The rebel infighting took place around the town of Bukamal in the oil-rich Deir el-Zour province near the Iraqi border between rebels from the al-Qaida breakaway group known as the Islamic State of Iraq and the Levant and fighters of the al-Qaida-linked Nusra Front and other Islamic groups. The two sides have fought each other for months other over territory they previously captured together from President Bashar Assad's forces.

The Britain-based Syrian Observatory for Human Rights said 51 died in the rebel-on-rebel fighting Thursday. The numbers could not be independently confirmed and calls to activists in the area went unanswered.

It was the latest episode in a relentless cycle of blood and violence that has gripped the country since March 2011, when the uprising against Assad's rule began.

Syria's conflict began three years ago with largely peaceful protests calling for reform, and later for Assad's ouster.
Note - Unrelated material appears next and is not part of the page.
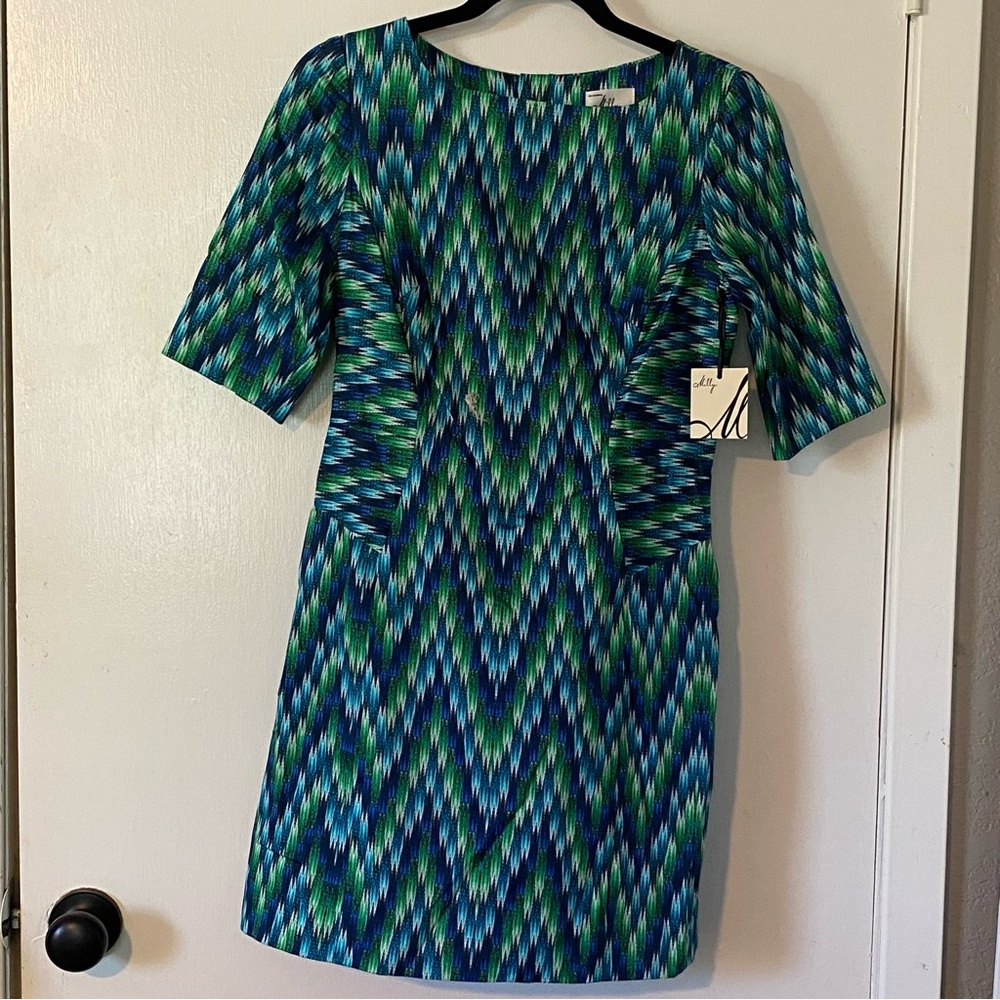 Brand New Milly Dress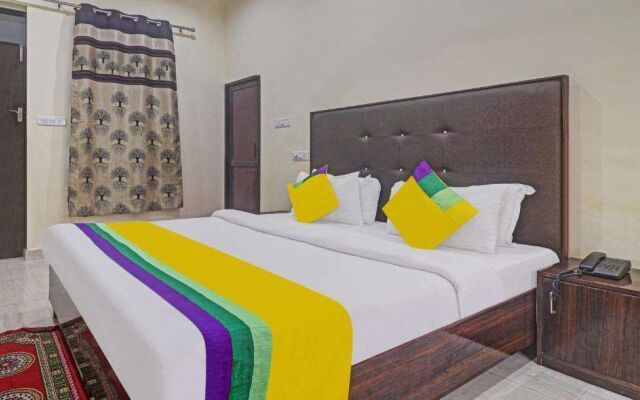 Hotel Albie Stay Inn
It has evolved into a civil war and Islamic extremists, including foreign fighters and Syrian rebels who have taken up hard-line al-Qaida-style ideologies have played an increasingly prominent role among fighters, dampening support from the West.

Thousands of fighters have been killed in rebel-against-rebel violence that intensified beginning of the year, particularly in northern and eastern Syria.

Overall, more than 150,000 people have been killed in the past three years, opposition activists say.

Meanwhile, activists said four teenagers were killed in the rebel-held town of Rastan, just north of the city of Homs, a day after two car bombs exploded in a government controlled district there, killing 25 and wounding over 100. Opposition groups including the Local Coordination Committees and the Observatory said a barrage of artillery shells killed the teenagers.

U.N. humanitarian affairs chief Valerie Amos condemned the Wednesday car-bombing in Homs, saying "Two volunteers from the Syrian Arab Red Crescent were among the injured as they arrived in an ambulance to treat people hurt in the first blast, and were caught in the second."

Attacks on civilians are war crimes and may also amount to crimes against humanity," Amos said.

In Damascus, state-run news agency SANA said rebel mortar fire killed two civilians and wounded seven on the city's outskirts.